Discontinuity in the interpolated delay after corking, flushing and uncorking.
Submitted by Niklas Haas
Assigned to pul..@..op.org
Created attachment 126489 regular playback
After a long session of debugging in #pulseaudio, I got no further than this result, so I'm submitting it here for reference and to get more opinions:
Basically, I'm running into the issue where the reported delay (as measured by pa_stream_get_latency before and after writing data) suffers from a relatively big discontinuity (about 50-100ms) when seeking in mpv. Seeking in mpv is implemented by resetting the audio device, which in mpv's terms means:
- corking the audio stream (pa_stream_cork true)
- flushing the audio device (pa_stream_flush)
- uncorking the audio stream (pa_stream_cork false)
- continuing playback
I have attached a number of plots of mpv's internal timing data to help illustrate the problem. The first attachment (“regular playback”) establishes a baseline reading (10 seconds of uninterrupted playback). Some notes:
The green line (ao-delay) is the reported latency as measured directly by pa_stream_get_latency.

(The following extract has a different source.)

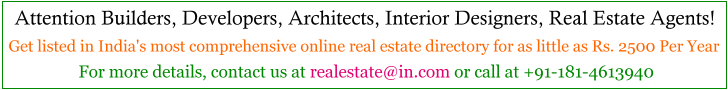 India Real Estate Directory Membership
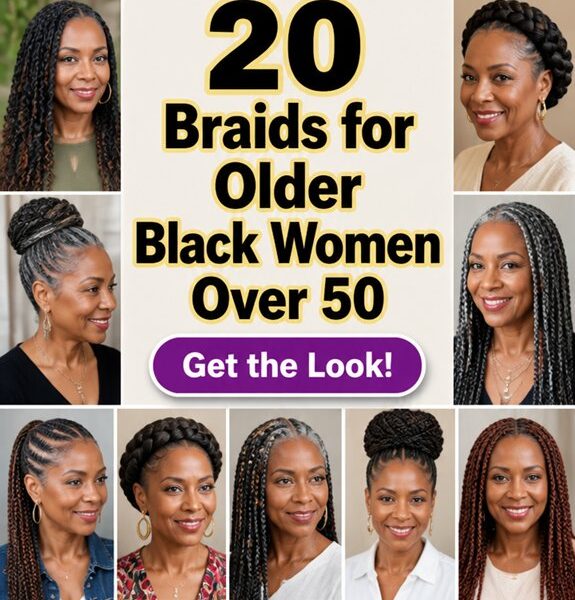 braids for mature black women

The blue line (ao-dev) is the difference between the latency and where mpv thinks it should be (assuming the audio device plays at a perfectly even rate). Ideally, this line should be exactly 0, and more importantly, this line should be as stable as possible (no jumps, no jittering and no spikes), because it is compared against the video stream's timing to detect A/V desynchronization.
While they're not as interesting for this test, the spikes at the top indicate events (rather than values). The curve going up represents an event starting, and the curve going down indicates an event stopping. It's somewhat harder to read the legend, so I'll repeat it here: green = ao-fill (inside “pa_stream_write”), blue = audio (“decoding more audio”), black = audio wait (“audio thread sleeping”), yellow = sleep (“playback thread sleeping”)
The latency values are measured with PA_STREAM_INTERPOLATE_TIMING | PA_STREAM_AUTO_TIMING_UPDATE | PA_STREAM_NOT_MONOTONIC, and the target latency (tlength) is 2000ms. Decreasing the tlength to a lower value decreases the magnitude of the discontinuity.
The second attachment (“seeking”) indicates what happens when triggering a seek in mpv. I have triggered two seeks, one at about 3.3s and one at about 6.6s. We can observe:
The reported latency (ao-delay) suffers from an upwards discontinuity of about 50ms - going up from the baseline latency of about 1050ms to a value near 1100ms, and then gradually decreasing back down to 1000ms over the course of the next 1-2 seconds.
Similarly, the “apparent” position of mpv suffers from a downwards discontinuity from 0ms to about -35ms, which increases to +20ms over the course of the next 1-2 seconds.
The third attachment (“seeking zoom”) is a detail view of the discontinuity as it happens, in case it helps.
In case you're wondering why these discontinues affect playback in mpv, I've included a fourth attachment demonstrating the same effects during regular playback. I've included two graphs - one with a smaller tlength (~200ms iirc) and one with a larger tlength (2000ms). They're a bit more confusing because they also include video stats, but basically the effect that happens is as follows:
- The user triggers a seek
- The apparent audio position (ao-dev, green line at the bottom) shoots downwards (as observed earlier)
- The measured A-V difference (avdiff, black line) spikes downwards as a result (by about 100ms in the tlength=2000ms case)
- This exceeds mpv's thresholds for acceptable audio delay and triggers the video output to drop several frames to resynchronize audio and video. (Blue square at the top), thus restoring avdiff to a value around 0.
- The apparent audio position rapidly approaches its “true” value again over the course of the next 1-2 seconds (again, as observed earlier)
- This causes the measured av difference (black line) to very rapidly grow upwards again within these 1-2 seconds, triggering several frame drops a long the way (every time it exceeds the acceptable threshold) - these are the clearly visible spikes and corresponding blue frames in the few seconds after the seek.
The only known work-around in mpv is to decrease the pulse buffer size (tlength) to a smaller value, which makes the issue less severe (as seen on the left) but doesn't fully solve it.
It would be great if this could get fixed upstream in PulseAudio so we don't have to hack around it in mpv.